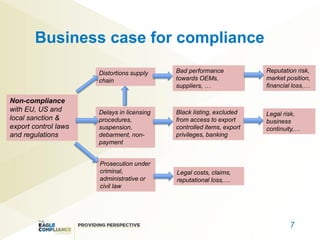 Business case for compliance

                      Distortions supply    Bad performance            Reputation risk,
                      chain                 towards OEMs,              market position,
                                            suppliers, …               financial loss,…

Non-compliance
with EU, US and       Delays in licensing   Black listing, excluded    Legal risk,
local sanction &      procedures,           from access to export      business
export control laws   suspension,           controlled items, export   continuity,…
and regulations       debarment, non-       privileges, banking
                      payment


                      Prosecution under
                      criminal,             Legal costs, claims,
                      administrative or     reputational loss,…
                      civil law




                                                                               7
 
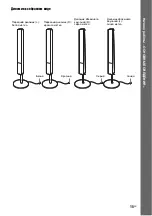 Предварительный просмотр 15 страницы Sony DAV-DZ850M (Russian) Руководство Пользователя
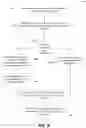 Fig. 09 - Systems and methods for evaluating security of third-party applications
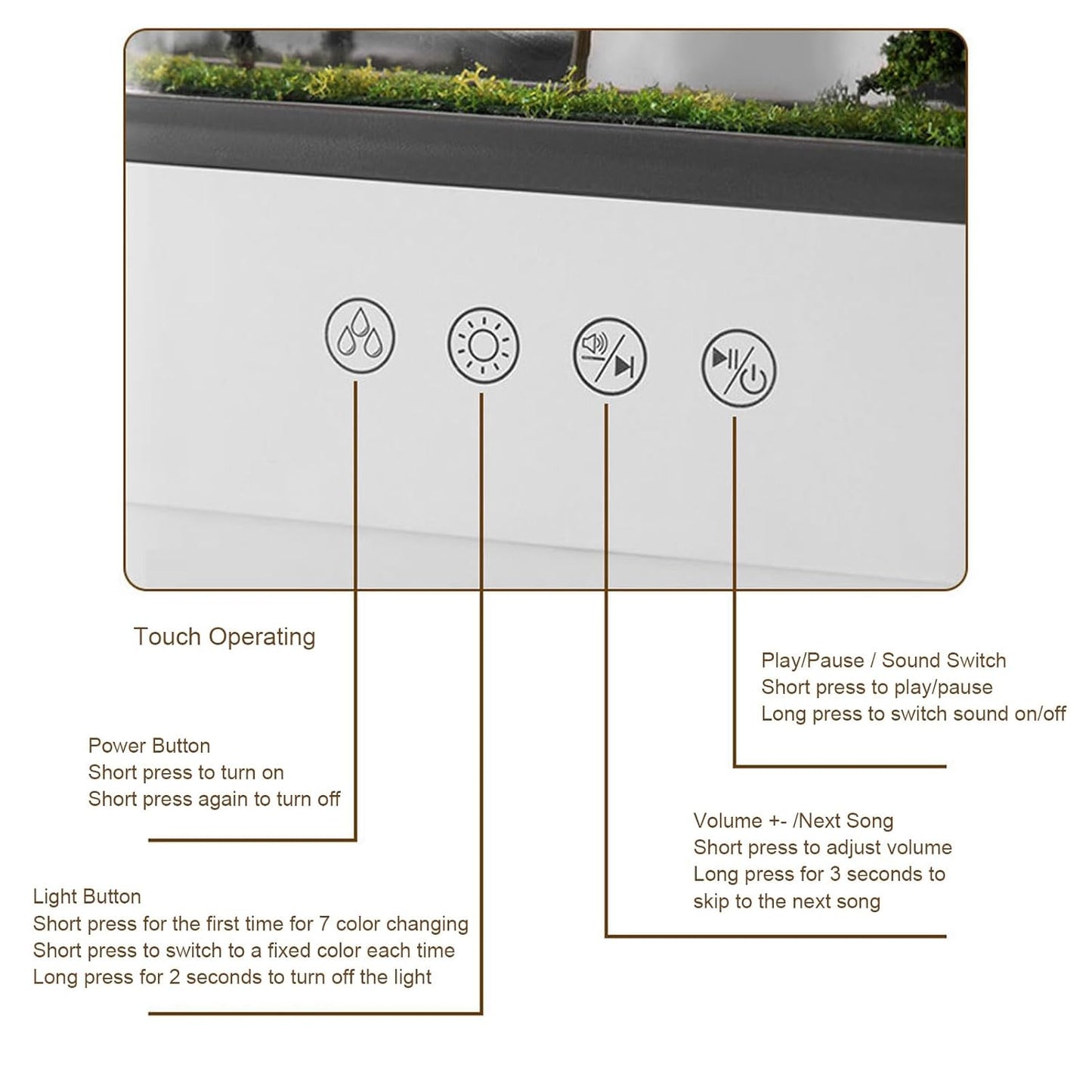 Musical Rain Drop Aroma Diffuser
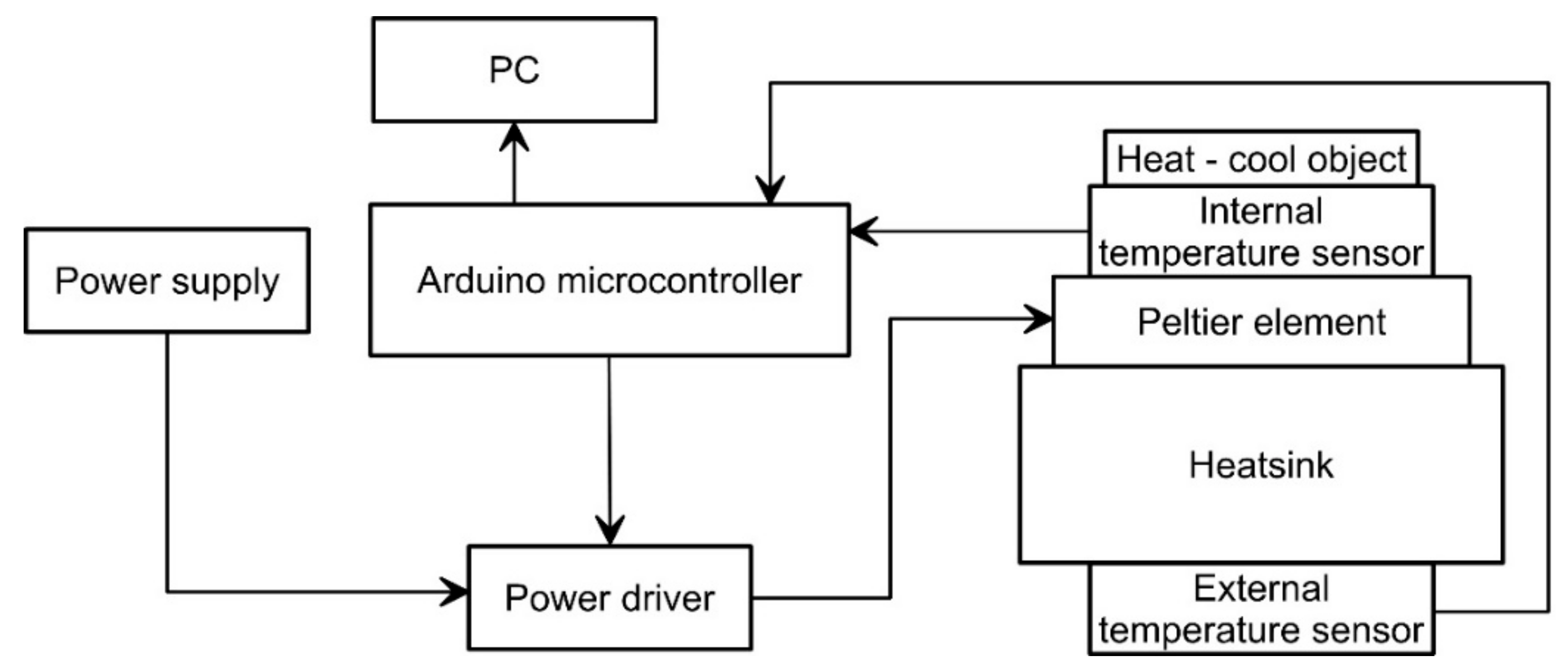 Sensors 18 02536 g005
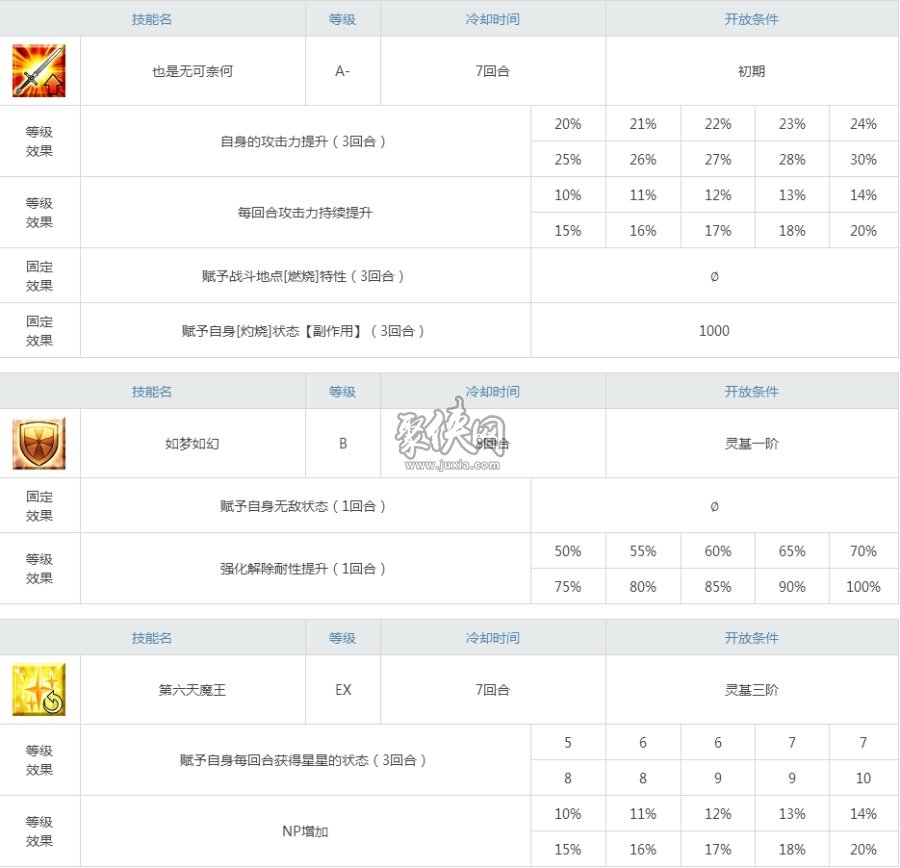 fgo仇信长强度测评！运营脚做的产物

*-*-*

◆ **Assignment**: Copy out the material exactly as it stands, though no picture should appear in the copy.

◆ **Solution for this problem**:
 Business case for compliance

                      Distortions supply    Bad performance            Reputation risk,
                      chain                 towards OEMs,              market position,
                                            suppliers, …               financial loss,…

Non-compliance
with EU, US and       Delays in licensing   Black listing, excluded    Legal risk,
local sanction &      procedures,           from access to export      business
export control laws   suspension,           controlled items, export   continuity,…
and regulations       debarment, non-       privileges, banking
                      payment


                      Prosecution under
                      criminal,             Legal costs, claims,
                      administrative or     reputational loss,…
                      civil law




                                                                               7
 
 Предварительный просмотр 15 страницы Sony DAV-DZ850M (Russian) Руководство Пользователя
 Fig. 09 - Systems and methods for evaluating security of third-party applications
 Musical Rain Drop Aroma Diffuser
 Sensors 18 02536 g005
 fgo仇信长强度测评！运营脚做的产物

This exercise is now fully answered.